The consumer journey is much more sporadic, and marketing to them requires a new way of thinking — the power of now. It is important to remember that there is no backwards direction with technology. The way people access information has changed forever, and you need to determine what to do to meet their needs. Consider these statistics from UserTesting: mobile website browsing has increased by 20%, but time spent on a particular mobile web page has decreased by 18%. And yet, conversions are up by nearly 30%. Basically, a customer is spending shorter moments to find exactly what they want, right now.

It is also important to remember that consumers can opt in — or out — of different things that can throttle or completely close out how they receive marketing. They can look up several pieces of information, such as specifications, reviews, and price comparisons all very easily. And they do; Google says that more than 82% of smartphone users utilize their phone in-store while shopping. Furthermore, 1 in 10 ended up purchasing a different product than what they went into the store intending to buy. Many times, they don’t want to talk to a salesperson; they often prefer suggestions from peers over the opinions of experts. Most importantly, they want to find what they’re looking for, now.

The power of now is made up of micro-moments, which some people refer to as micro-targeting. What are micro-moments? Perhaps the best illustration of the definition is Google’s video about them. In short, it refers to the moment consumers turn to the internet on their smartphone to meet their needs. One way of looking at this is the search for certain intentions, including: I want to know __, I want to do __, I want to buy __. You can find more complex versions of these intentions, of course, such as: time for a new __, show me how to __.

The key to understanding the necessary shift in marketing strategy is this: micro-moments are your opportunity to present yourself to a customer as a potential answer to what they need right now.

How to Embrace the Power of Now

There’s a few impacts to understand in order to start off on the right foot when you start using micro-moments. Remember, it isn’t just how a customer shops that’s changed; it’s also why. Aside from immediacy, there are two other aspects that deserve consideration.

  • Brand loyalty is replaced by loyalty to personal needs — Customers are less likely to reserve action to have access to their preferred brand. In the face of immediacy, they’re going to shop for the product or service that offers what they want, has good reviews, falls inside their price point, and will achieve their needs instantly.
  • Relevance will be key to bounce rates and conversions — People are using their mobile devices in short bursts of activity with high expectations for their results and little patience for anything outside of their immediate interest.

Steve Dennis, in writing for Google, also mentions key factors that play into the customer experience. Namely, your message needs to be: harmonized across communication channels, localized to where the customer is, socialized for a connection economy, amplified to be found over the static of marketing, and personalized for the customer to find it at the right moment.

At the core, what you’re attempting to do is attach added value to micro-moments. Of course, these are all guiding concepts so far. When relearning a major aspect like marketing, you also need actionable ideas and best practices to start moving forward.

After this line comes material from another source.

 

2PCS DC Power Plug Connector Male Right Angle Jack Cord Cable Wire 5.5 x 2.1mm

  1. Create a “moments” map of micro-moments that you can’t afford to lose or simply want to win:

    • Identify where these key moments occur in the consumer journey
    • Note where and how these moments occur in order to leverage them for guiding the customer on their journey
  2. Determine customer goals and needs for these micro-moments:

    • Consider things from the client’s perspective: What makes things easier? What makes things faster?
    • Identify key trends and patterns of intent to be addressed
  3. Use context for targeted experiences:

    • Note associated behaviors, interests, and expectations that define pertinent moments
    • Review your current media efforts and your new marketing plan: present your products and services at the right time in the right way to appear to your customer in context
  4. Optimize for cross-channel, multi-device delivery:

    • Anchor to the consumer and their moments to define your message and format
    • Determine which messages and formats are appropriate and easiest to discover wherever the customer will need them
  5. Continue measuring results:

    • Give teams the tools and methodologies to develop this new approach and ensure a positive ROI
    • There will be measurement gaps, so ensure teams have credible estimates to prevent things from falling through the cracks

Seize the Power of Now, Right Now!

Does your marketing strategy currently revolve around creating large moments?

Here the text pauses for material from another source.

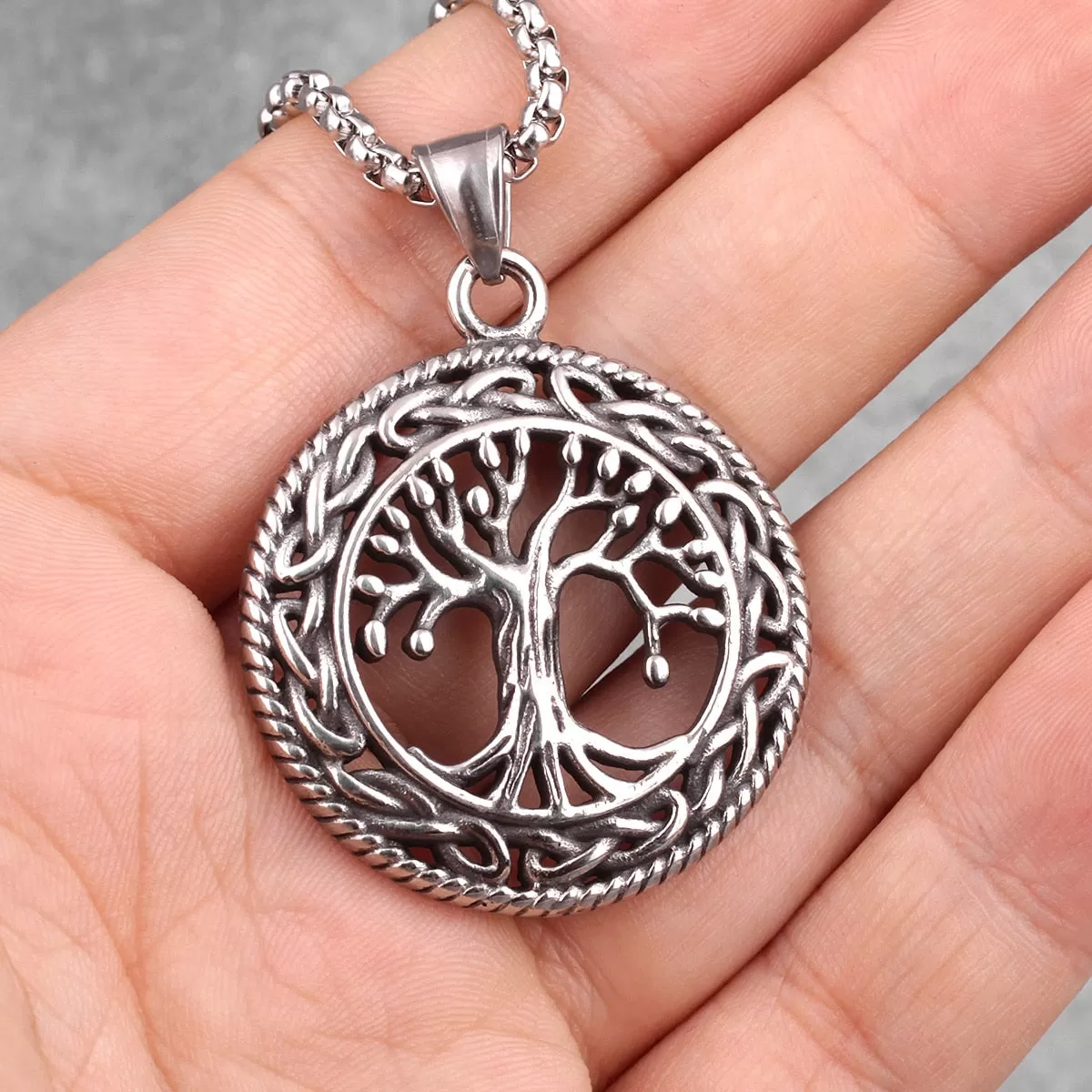 Tree of Life Medallion Necklace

Take a look at your market segments with fresh eyes. What kind of micro-moments do they experience? How do they align with your services? Do you need to re-evaluate your market segments to align with these micro-moments?

Identify which micro-moments are the best to integrate into your marketing. How can you use these moments to intersect with your customers in real time?

Review your marketing tactics. Which ones are most effective for intersecting a customer’s micro-moments? Do you have the tools you need for geo-location triggered moments? What about behavior based moments?

Use these points to begin to embrace the power of now to better target your audience and create an effective marketing strategy.